### RECORDS SUPPLIED
********

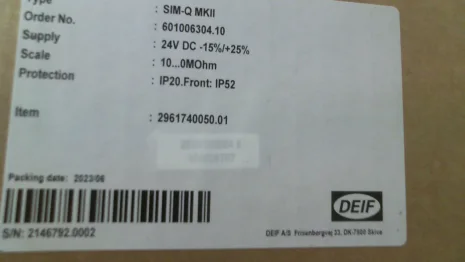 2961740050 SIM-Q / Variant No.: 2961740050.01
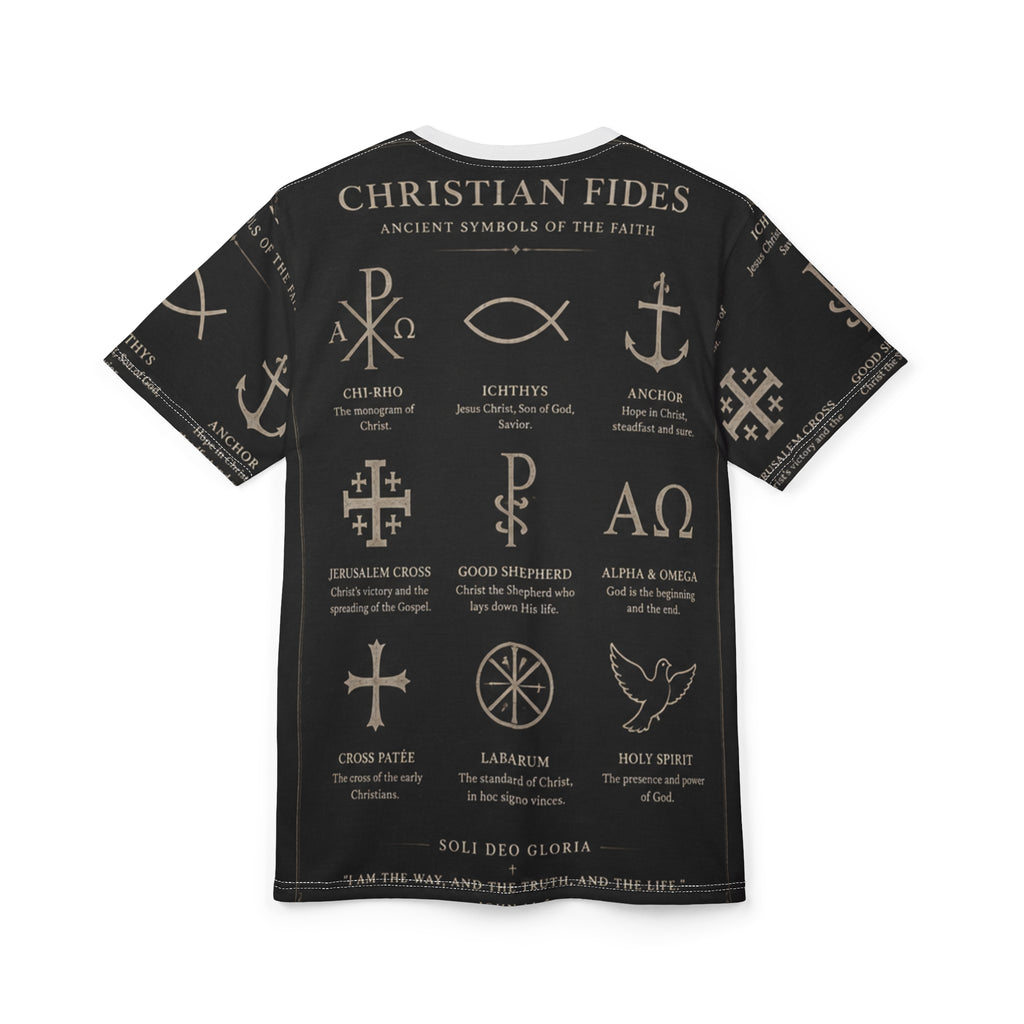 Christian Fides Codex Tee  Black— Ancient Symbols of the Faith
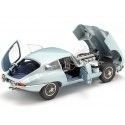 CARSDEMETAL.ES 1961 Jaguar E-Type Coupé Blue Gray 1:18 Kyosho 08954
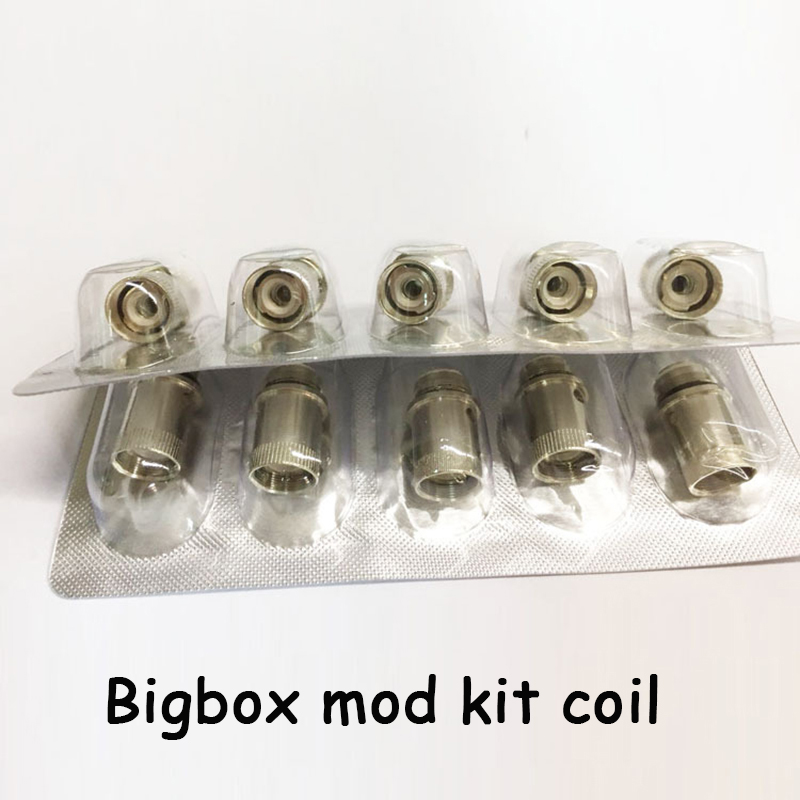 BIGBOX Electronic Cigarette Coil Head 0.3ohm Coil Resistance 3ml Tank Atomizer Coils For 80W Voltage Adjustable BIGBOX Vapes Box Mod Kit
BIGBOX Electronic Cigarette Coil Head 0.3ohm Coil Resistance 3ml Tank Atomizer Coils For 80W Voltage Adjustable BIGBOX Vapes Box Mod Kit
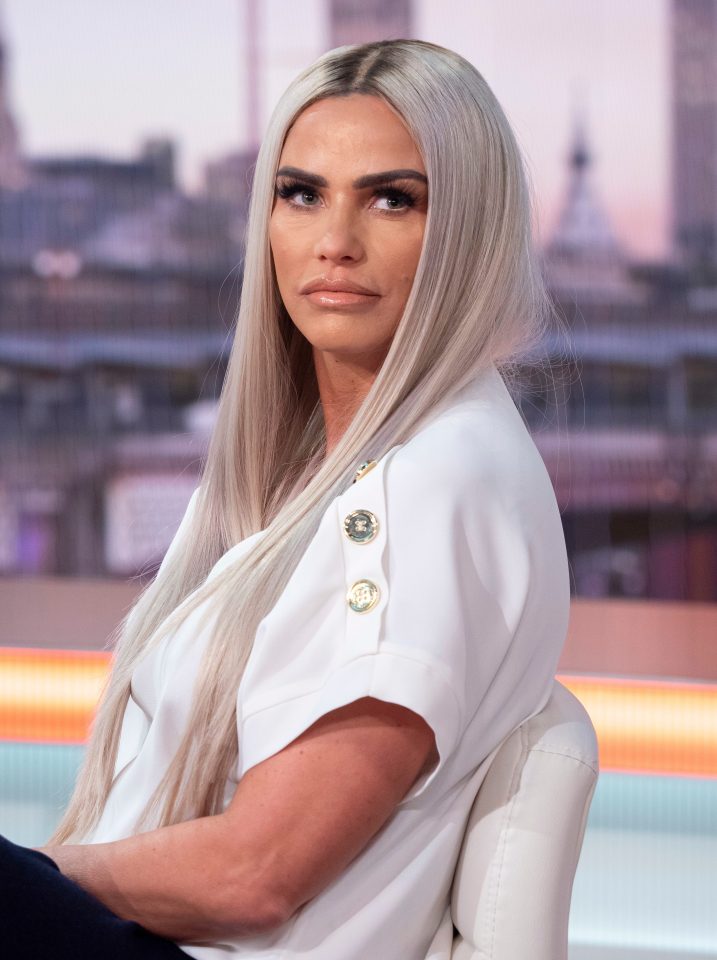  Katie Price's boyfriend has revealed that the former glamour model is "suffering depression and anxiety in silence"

********

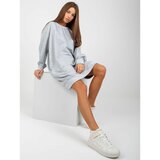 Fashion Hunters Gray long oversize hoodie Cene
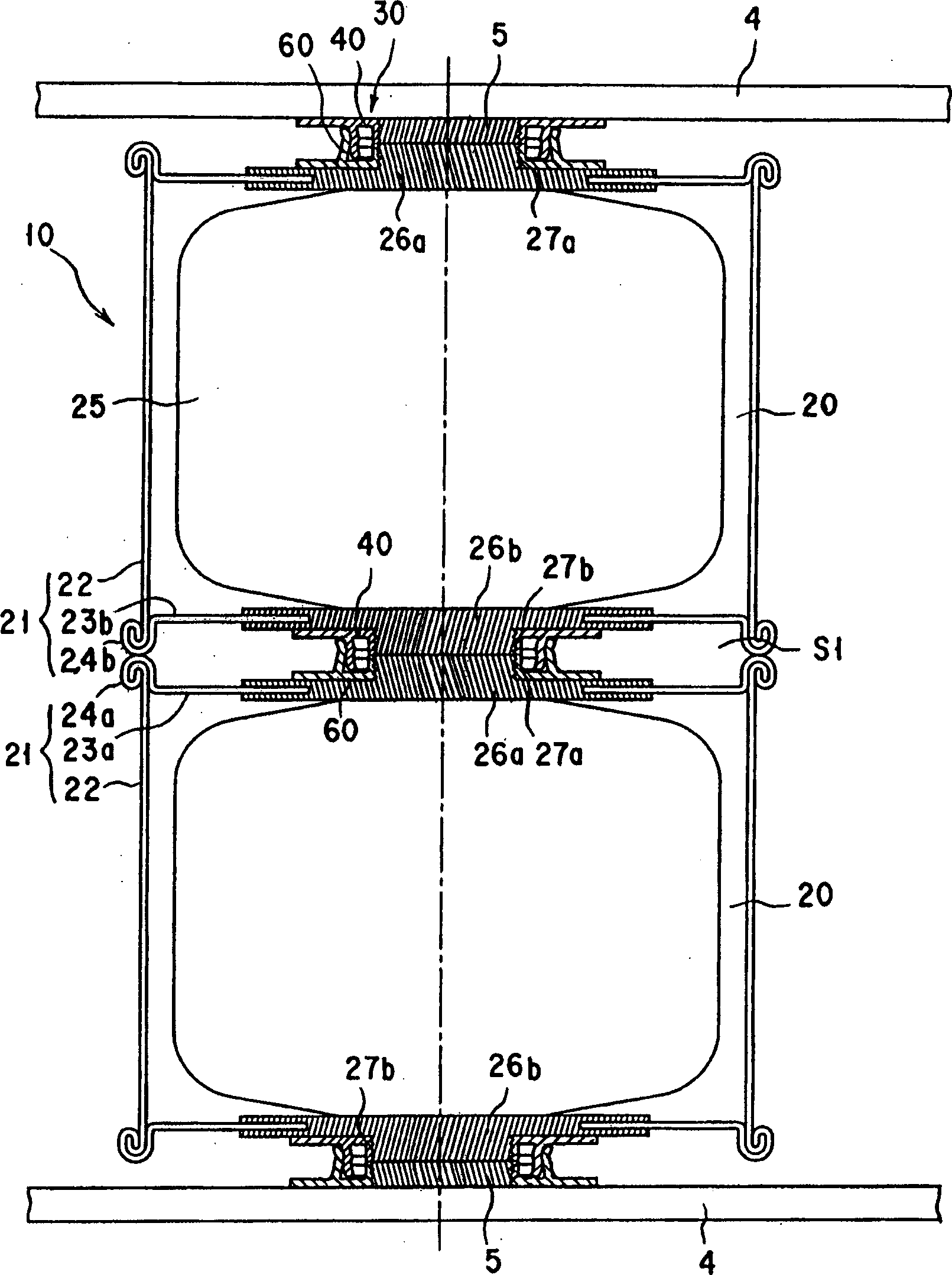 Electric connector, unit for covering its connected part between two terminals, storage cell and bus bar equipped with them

********

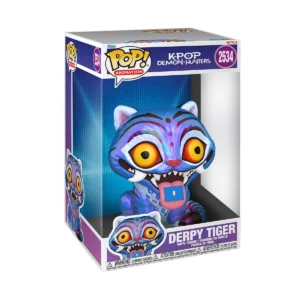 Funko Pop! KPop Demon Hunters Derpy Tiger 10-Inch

********

Given the listing above, repeat exactly the lines starting at the one with "2961740050 SIM-Q /" and ending at the one with "CARSDEMETAL.ES 1961 Jaguar", inclusive, excluding pictures.

 2961740050 SIM-Q / Variant No.: 2961740050.01
 Christian Fides Codex Tee  Black— Ancient Symbols of the Faith
 CARSDEMETAL.ES 1961 Jaguar E-Type Coupé Blue Gray 1:18 Kyosho 08954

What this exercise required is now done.